WORK REQUEST: Write the data out in full and word for word. Do not include images.

INFORMATION PROVIDED below:

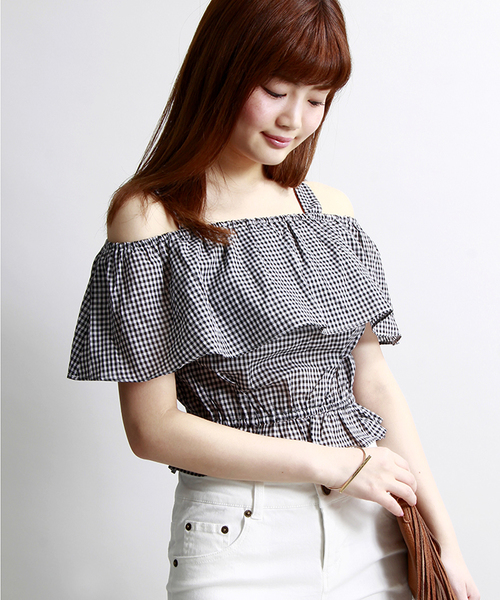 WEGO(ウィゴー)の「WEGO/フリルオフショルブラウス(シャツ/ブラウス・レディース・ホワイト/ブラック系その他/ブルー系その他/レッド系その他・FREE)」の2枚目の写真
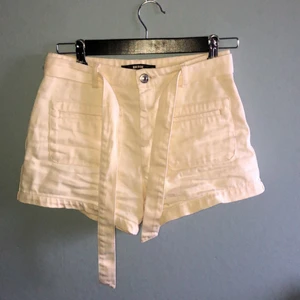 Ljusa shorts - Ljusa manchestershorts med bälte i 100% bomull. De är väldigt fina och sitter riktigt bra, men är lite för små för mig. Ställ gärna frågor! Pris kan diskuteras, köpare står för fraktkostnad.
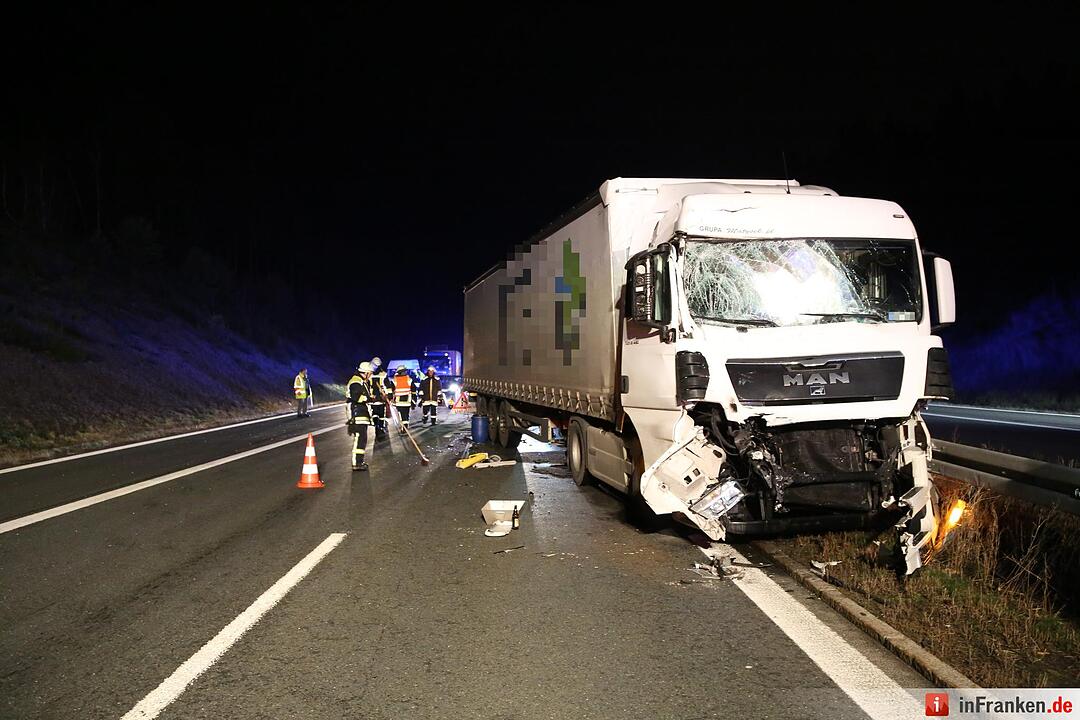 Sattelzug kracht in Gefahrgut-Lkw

End of INFORMATION PROVIDED.

TASK ANSWER:
 WEGO(ウィゴー)の「WEGO/フリルオフショルブラウス(シャツ/ブラウス・レディース・ホワイト/ブラック系その他/ブルー系その他/レッド系その他・FREE)」の2枚目の写真
 Ljusa shorts - Ljusa manchestershorts med bälte i 100% bomull. De är väldigt fina och sitter riktigt bra, men är lite för små för mig. Ställ gärna frågor! Pris kan diskuteras, köpare står för fraktkostnad.
 Sattelzug kracht in Gefahrgut-Lkw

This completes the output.